Wisdom Wednesday – Stop Your Dream’n Start Your Do’n

 Proverbs 13:4 “The soul of the sluggard craves and gets nothing, while the soul of the diligent is richly supplied.”

Each year there’s a top draft pick in the NFL who “has all the talent in the world, but lacks commitment to put in the work.” Because of this, they underachieve and end up failing to stick in the league. They came in with great dreams of hoisting championship trophies and having their bust placed in the Hall of Fame. But those dreams will not come to pass – not necessarily because they weren’t good enough, but because they had a flaw that cripples even the most gifted of athletes. They are what the Bible calls “sluggards.”

A “sluggard” is someone who isn’t willing to put hard work and extra hours into the task laid before them. The sluggard has a dream but he lacks planning, initiation, persevering and the discipline to act upon his desires. You can desire a high school diploma, but if you won’t go to class, won’t crack a book, won’t study – then you won’t graduate. Achievement requires effort.

A “diligent” person is someone who is willing to put in the effort. They come early, stay late and work hard while they’re there. They make goals, make plans and carry them out. They are willing to endure setbacks and overcome opposition. They believe that the desire they have is worth the blood, sweat, and tears it requires to achieve it.

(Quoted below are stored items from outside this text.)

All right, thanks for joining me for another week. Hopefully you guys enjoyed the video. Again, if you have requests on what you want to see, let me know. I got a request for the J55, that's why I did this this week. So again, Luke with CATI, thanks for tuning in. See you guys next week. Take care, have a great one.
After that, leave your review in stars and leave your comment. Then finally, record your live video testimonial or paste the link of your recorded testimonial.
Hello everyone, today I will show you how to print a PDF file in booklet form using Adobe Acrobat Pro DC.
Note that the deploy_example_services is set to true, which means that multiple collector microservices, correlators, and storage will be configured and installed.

The difference between the sluggard and the diligent is not the desire. Both people have a desire. The difference is acting on that desire. As a friend once told me, “all men have great ideas in the shower, but the great men are the ones who get out of the shower and act on them.”

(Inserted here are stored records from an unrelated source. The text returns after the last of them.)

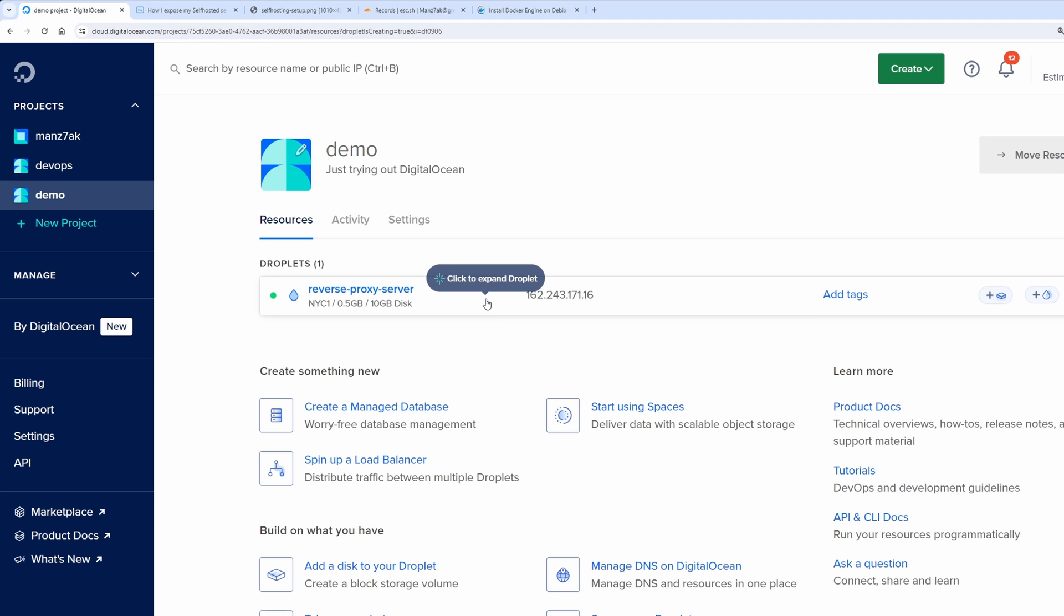Here is my simple DigitalOcean reverse proxy server. For the purposes of reverse proxy you don't need a powerful machine. You can get a really cheap, really low powered machine that should be able to handle any sort of traffic.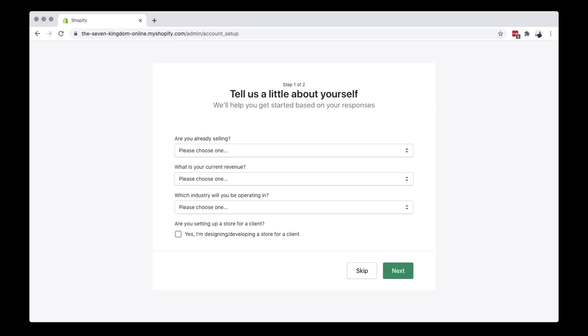Fill out the questions provided. Since we are just looking around, we can just answer with an appropriate answer. You can skip or continue to fill out, depends on you.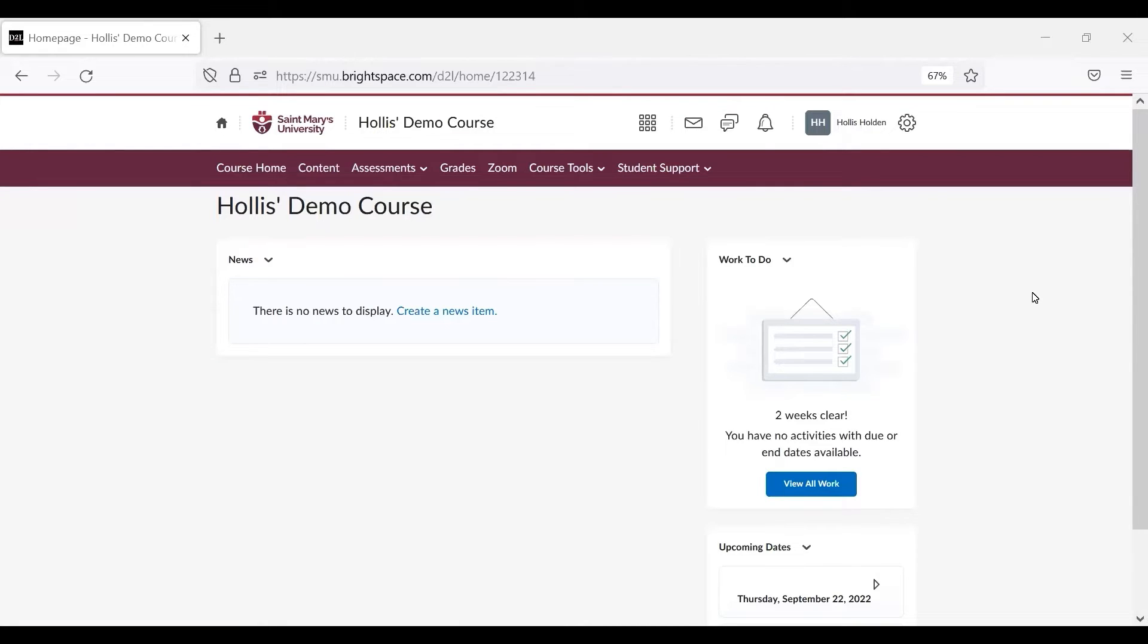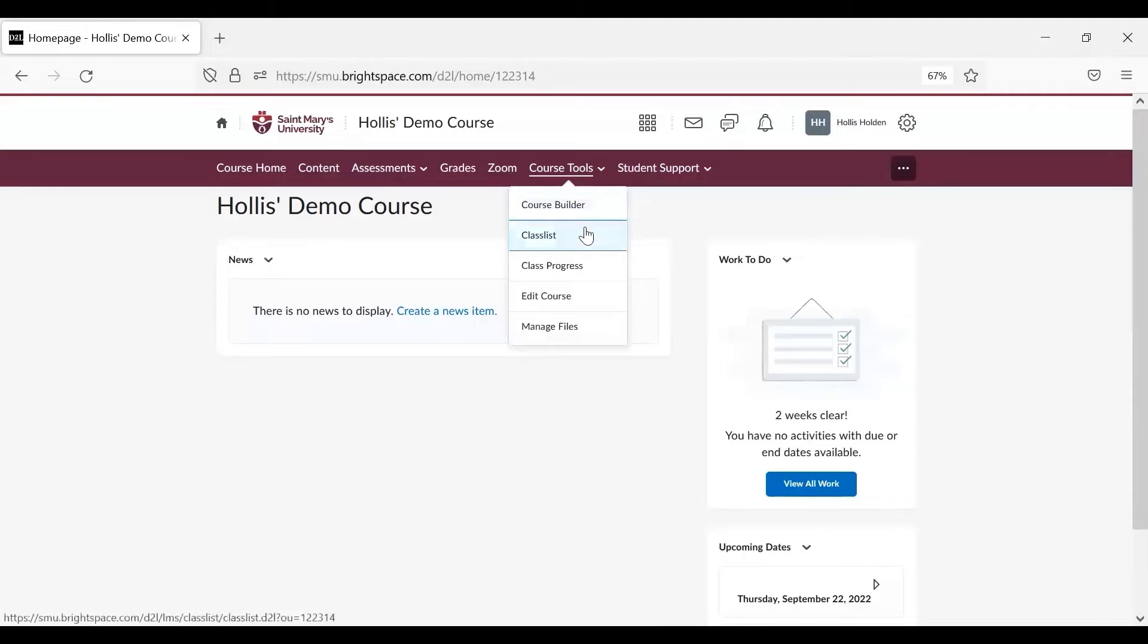Once you're in your course, click on the Course Tools option in the navbar and select Class List from the drop-down menu.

This difference between the sluggard and the diligent is seen in every area of life, including our walks with the Lord. Being used of the Lord is something that begins with grace, is carried through by grace, and will be completed by grace. This is true. But the fact that God supplies abundant grace doesn’t mean that we lack responsibility to engage and be diligent in the work He has called us to do.

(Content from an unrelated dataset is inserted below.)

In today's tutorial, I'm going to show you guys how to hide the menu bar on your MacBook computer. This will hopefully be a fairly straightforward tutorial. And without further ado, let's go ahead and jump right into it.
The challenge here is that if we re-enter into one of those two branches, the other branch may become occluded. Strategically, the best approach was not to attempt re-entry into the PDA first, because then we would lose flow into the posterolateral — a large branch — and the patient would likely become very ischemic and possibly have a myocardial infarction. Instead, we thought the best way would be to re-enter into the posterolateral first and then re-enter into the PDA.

As an old pastor friends used to say, we must not “lean on a shovel and pray for a hole.” God has given us tasks to do. He gives us desires to do it. He gives us energy and strength to carry it out.  But for us to be lazy and expect things to “just happen” is the mark of a fool.

Certainly God helps those who can’t help themselves. This is the heart of grace. This proverb isn’t talking about earning our way to heaven or working in our own strength. This is drawing our attention to the fact that we need to “discipline yourself for the purpose of godliness” (1 Tim. 4:7) and engage boldly trusting that “it is God who works in you, both to will and to work for His good pleasure” (Philippians 2:13).

The sluggard craves the fruit of diligence without the diligence that gains it. Having a heart that is lazy toward the Lord and the great task He has laid before us is eternally more concerning than an athlete who won’t do extra wind sprints. As Charles Bridges said, “the halting step will not bring us to God. To expect the blessing without diligence is delusion.”

Are you diligent in seeking God? Do you desire to be near to Him and be used greatly by Him? Those are good desires, but desire without diligence is not promising. The diligent are richly supplied, not the sluggard. We must read. We must study. We must pray. We must engage with other people about spiritual realities.

Here’s an insightful quote from D.A. Carson on this subject, “People do not drift toward holiness. Apart from grace-driven effort, people do not gravitate toward godliness, prayer, obedience to Scripture, faith, and delight in the Lord. We drift toward compromise and call it tolerance; we drift toward disobedience and call it freedom; we drift toward superstition and call it faith. We cherish the indiscipline of lost self-control and call it relaxation; we slouch toward prayerlessness and delude ourselves into thinking we have escaped legalism; we slide toward godlessness and convince ourselves we have been liberated.”

May we be a people who are marked by grace and diligence. May the Lord richly supply us with more of Him and more opportunities to make His Name known.